Exercise brief:
Pictures excluded, copy all of the data below exactly.

Data records:
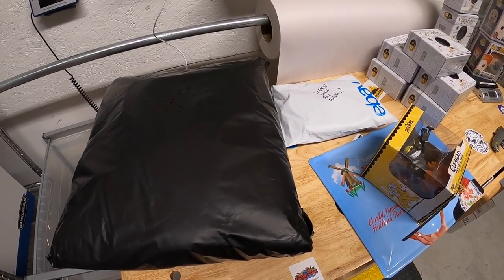Hey guys, it is Monday, April 5th. Hope you all had a great Easter weekend. I have 23 eBay orders to ship out — let's get to work. A couple of things I went ahead and pulled from my storage unit that sold.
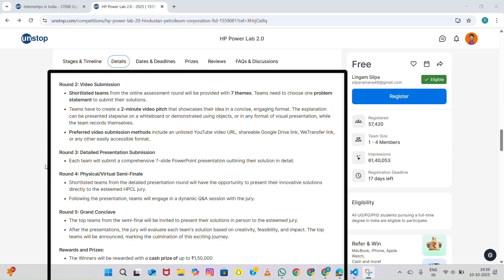Then we have Round Three: Detailed Presentation Submission. This is where the shortlisted teams from the video round prepare a PowerPoint presentation with up to seven slides. Here you will go in depth, explaining your problem analysis, key insights, methodology, proposed solution, implementation strategy, and how it can benefit HPCL. It's your chance to show clarity, structure, and business understanding. Every team participating in this round receives a certificate of merit.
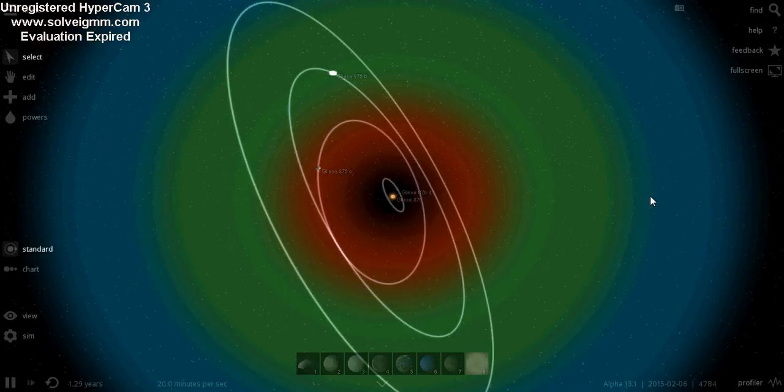Hello and welcome to Exoplanetary Guide. I'm your host today and firstly what we're going to look at is Gliese 876.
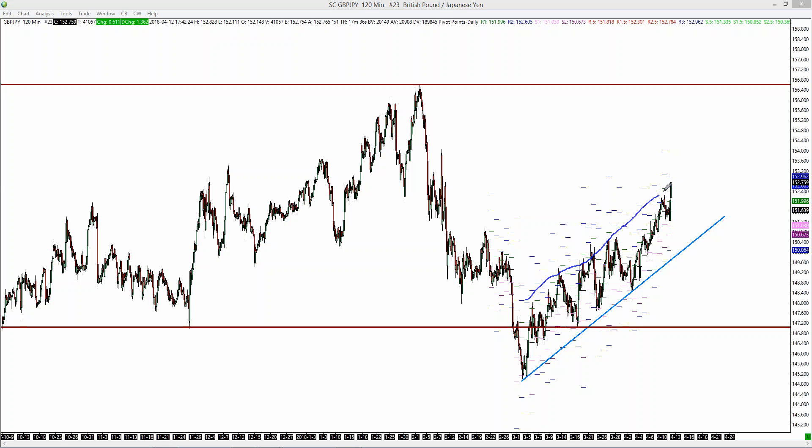So if for any reason the yen weakens more, this will mean further upside. But you can see we are at the top of this channel now, so perhaps a move down to something like the middle of the channel here.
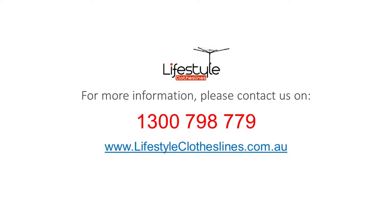For any further information, tips, or advice on finding the perfect clothesline for your Charnwood home, please feel free to visit us online at lifestyleclotheslines.com.au.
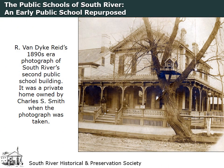There are no known images of South River's first public school, said to have been made of logs and located on Upper Main Street near what later became DeVoe Street. The History of Union and Middlesex Counties, published in 1882, tells us that the building was replaced by a one-story brick schoolhouse in 1838.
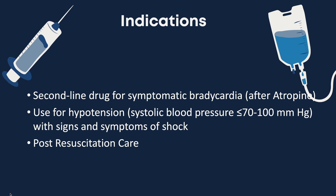Dopamine is a second line drug for symptomatic bradycardia after atropine or where transcutaneous pacing is ineffective. It can be used for hypotension and the management of shock unresponsive to fluid administration. It is also part of the American Heart Association post-resuscitation care guidance.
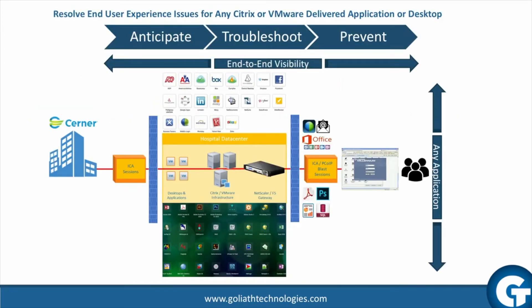Goliath Performance Monitor for hospitals using Cerner is purpose-built to proactively anticipate, troubleshoot, and prevent issues with the entire on-premise virtual desktop infrastructure used to deliver mission-critical applications including Cerner. Goliath Technologies' troubleshooting capabilities combined with Cerner's remote hosting technologies and services provide healthcare organizations with end-to-end advanced warning of potential end-user experience issues and objective technical evidence of root cause to prevent future issues.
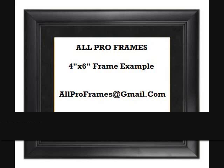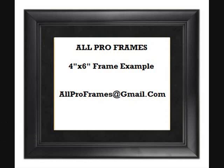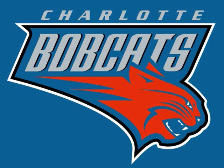We take great pride in our framed photos and continue to go that extra mile for our customers who appreciate great photography. With thousands of pictures from team logos to scenic views, we surely have something for everyone.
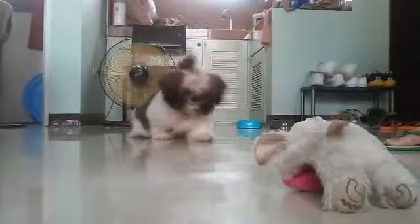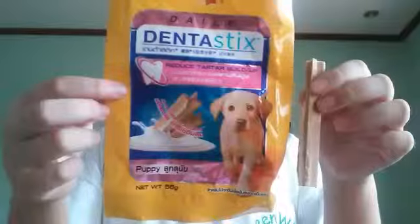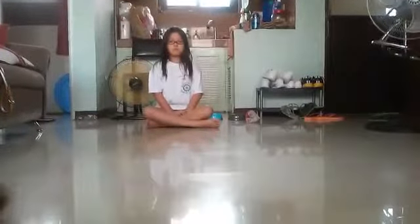He has two bowls — the grayish one is where his water is stored and the blue one is where his food is. He's sometimes really lazy and sometimes really playful. He loves to play. His favorite snack is Pedigree Denta Sticks.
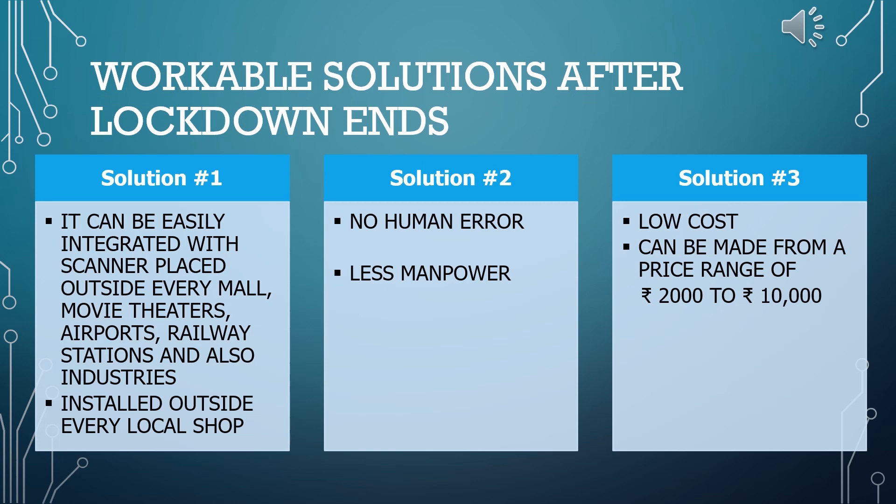The concepts of infrared thermometers and pulse oximeters are already developed, so integrating them together and linking them to form a real-time measuring device at a public place would not be expensive and can be developed in a short time. Additionally, the human error associated with handheld equipment will be minimized to a great extent. Thank you.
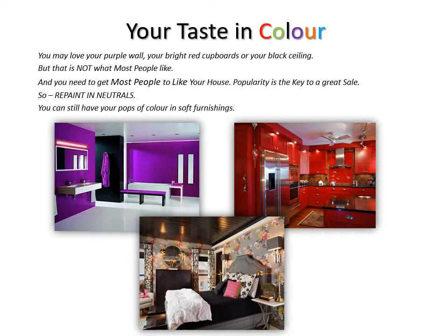It's exactly the same with houses. So get rid of those bright unusual colours. Repaint in neutrals. You can still have pops of colour in your soft furnishings if you like.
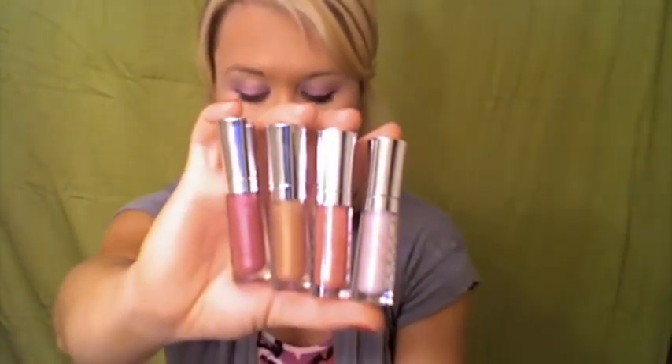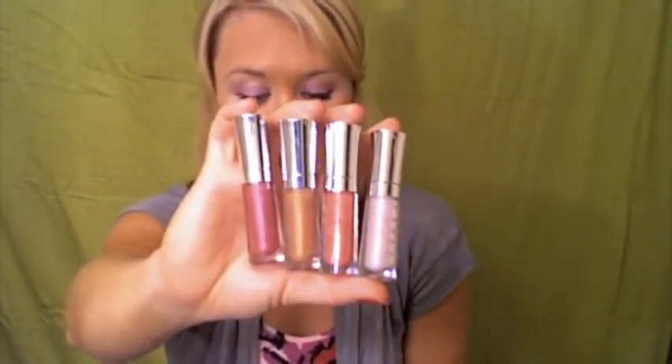These lip glosses are from the Bare Essentials line. You can get these at Sephora and they're called Bosom Babes Sailor Girls. The first color is the color that I have on right now — it's called Marina. I have this on over a nude lipstick. I prefer to wear a nude lipstick with all of these. It's really fun because you can take your basic nude lipstick, change out the color, and you get the prettiness of the gloss but still have the depth of the lipstick.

Problem solution:
Hey guys, it is Monday, April 5th. Hope you all had a great Easter weekend. I have 23 eBay orders to ship out — let's get to work. A couple of things I went ahead and pulled from my storage unit that sold.
Then we have Round Three: Detailed Presentation Submission. This is where the shortlisted teams from the video round prepare a PowerPoint presentation with up to seven slides. Here you will go in depth, explaining your problem analysis, key insights, methodology, proposed solution, implementation strategy, and how it can benefit HPCL. It's your chance to show clarity, structure, and business understanding. Every team participating in this round receives a certificate of merit.
Hello and welcome to Exoplanetary Guide. I'm your host today and firstly what we're going to look at is Gliese 876.
So if for any reason the yen weakens more, this will mean further upside. But you can see we are at the top of this channel now, so perhaps a move down to something like the middle of the channel here.
For any further information, tips, or advice on finding the perfect clothesline for your Charnwood home, please feel free to visit us online at lifestyleclotheslines.com.au.
There are no known images of South River's first public school, said to have been made of logs and located on Upper Main Street near what later became DeVoe Street. The History of Union and Middlesex Counties, published in 1882, tells us that the building was replaced by a one-story brick schoolhouse in 1838.
Dopamine is a second line drug for symptomatic bradycardia after atropine or where transcutaneous pacing is ineffective. It can be used for hypotension and the management of shock unresponsive to fluid administration. It is also part of the American Heart Association post-resuscitation care guidance.
Goliath Performance Monitor for hospitals using Cerner is purpose-built to proactively anticipate, troubleshoot, and prevent issues with the entire on-premise virtual desktop infrastructure used to deliver mission-critical applications including Cerner. Goliath Technologies' troubleshooting capabilities combined with Cerner's remote hosting technologies and services provide healthcare organizations with end-to-end advanced warning of potential end-user experience issues and objective technical evidence of root cause to prevent future issues.
We take great pride in our framed photos and continue to go that extra mile for our customers who appreciate great photography. With thousands of pictures from team logos to scenic views, we surely have something for everyone.
He has two bowls — the grayish one is where his water is stored and the blue one is where his food is. He's sometimes really lazy and sometimes really playful. He loves to play. His favorite snack is Pedigree Denta Sticks.
The concepts of infrared thermometers and pulse oximeters are already developed, so integrating them together and linking them to form a real-time measuring device at a public place would not be expensive and can be developed in a short time. Additionally, the human error associated with handheld equipment will be minimized to a great extent. Thank you.
It's exactly the same with houses. So get rid of those bright unusual colours. Repaint in neutrals. You can still have pops of colour in your soft furnishings if you like.
These lip glosses are from the Bare Essentials line. You can get these at Sephora and they're called Bosom Babes Sailor Girls. The first color is the color that I have on right now — it's called Marina. I have this on over a nude lipstick. I prefer to wear a nude lipstick with all of these. It's really fun because you can take your basic nude lipstick, change out the color, and you get the prettiness of the gloss but still have the depth of the lipstick.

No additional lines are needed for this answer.